Audio Signal Processing
- Jordi Bonada, co-leader
- Jordi Janer, co-leader
- Ricard Marxer, PhD student
- Merlijn Blaauw, researcher
- Marti Umbert, PhD student
- Graham Coleman, PhD student
- Saso Musevic, PhD student
Our research in the field of audio signal processing is wide and multidisciplinary, with an important focus on technology transfer acknowledged by dozens of patents and several commercial products of great success. Currently our interests spread in the area of singing voice synthesis, voice transformation, source separation and automatic soundscape generation.
Singing Voice Synthesis
For more than a decade we have been developing models and specific approaches for the synthesis of the singing voice based on the concept of performance sampling, with the aim of achieving a natural singing synthesizer (ex: Bonada & Serra, 2007; Bonada, 2008). In this sense, we have been continuously collaborating with Yamaha Corp in this area, and this collaboration has resulted in the popular Vocaloid commercial synthesizer. More recent research deals with singing style modeling that learns how to imitate the expression of a singer given some of her/his recordings.
Source Separation
Musical Audio Signal Separation addresses the problem of segregating certain signals from a musical mixture. We focused on the analysis and extraction of the predominant voice from polyphonic music (ex: Marxer et al., 2012), and percussion components (e.g. Janer et al. 2012). These algorithms have various applications including musical production (e.g remixes), entertainment (e.g. karaoke) or cultural heritage (e.g. restoration).
Other research topics
Real-time voice processing algorithms (ex: Mayor et al., 2011) have been integrated in the licensed Kaleivoicecope technology. We investigated topics such as voice quality transformations, voice impersonation, speech processing, emotional speech synthesis, voice enhancement, non-stationary sinusoidal analysis.
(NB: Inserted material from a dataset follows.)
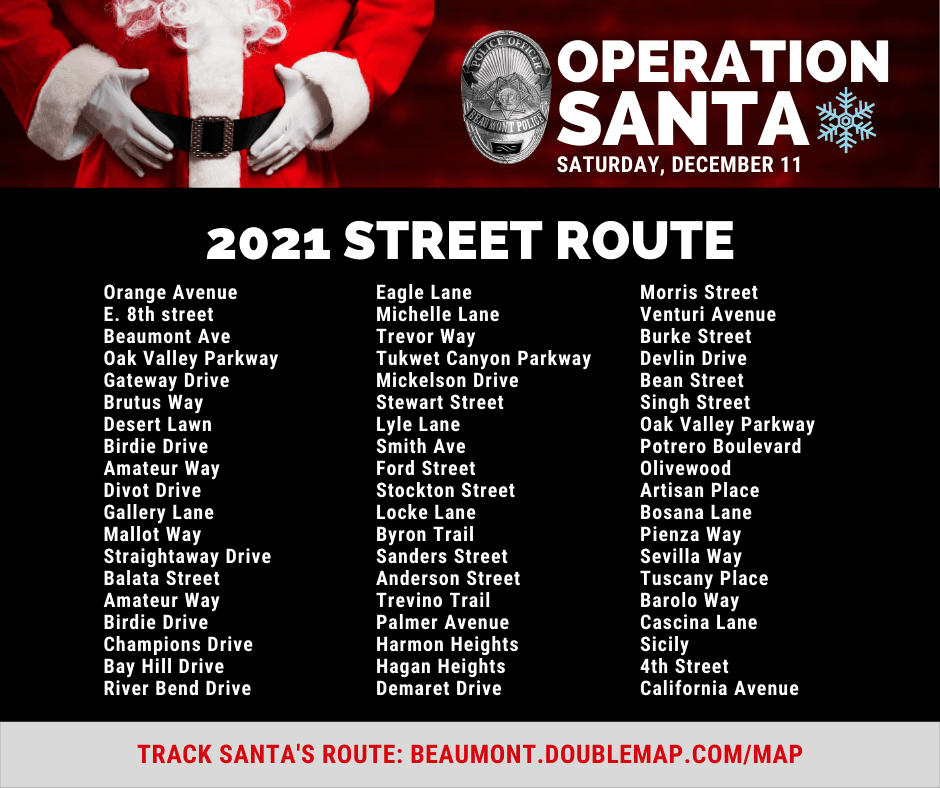 List of Streets for Operation Santa Route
We have contributed to the voice analysis field with several methods for automatically transcribing melody and expression, as well as rating a singing performance (ex: Mayor et al., 2009). We have also adapted voice conversion strategies used in speech to the specificities of the singing voice, allowing creating singer models when only a limited amount of audio material is available (ex: Villavicencio & Bonada, 2010).
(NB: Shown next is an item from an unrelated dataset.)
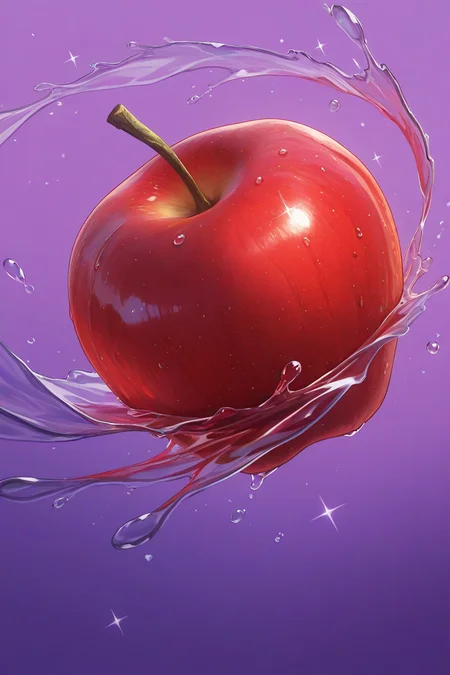 realistic shading, natural lighting, food focus, dafoodie, sparkling food focus, sparkle, floating red apple, dewdrop, water droplet, water, wet, simple plain purple background, centered, dutch angle, dynamic angle, intricately detailed illustration, depth of field, atmospheric perspective, masterpiece, best quality, amazing quality, very aesthetic, absurdres, newest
Processing polyphonic audio has also drawn our interest, inclusing polyphonic time-scaling, tempo detection, rhythm modification (ex: Janer et al, 2006), tonal analysis and visualization (ex: Gómez & Bonada, 2005), audio mosaicing (ex: Coleman et al, 2010), score following.
In the last years, we have extended the concept of performance sampling to the violin case, contributing with novel approaches for accurately capturing performer gestures with nearly non-intrusive sensing techniques, and statistically modeling the temporal contour of those gestures and the timbre they produce (ex: Maestre et al., 2010). Instrumental gesture modeling has shown to be a natural approach to control physical models, thus to fill the gap between the high-level controls of a symbolic score and the low-level input of the physical system.
Beyond music and voice signals, we applied our algorithms to environmental sounds and bioacoustics as well. For example, the generation of soundscapes (ex: Janer et al., 2011) or analysis and denoising of marine bioacoustic signals.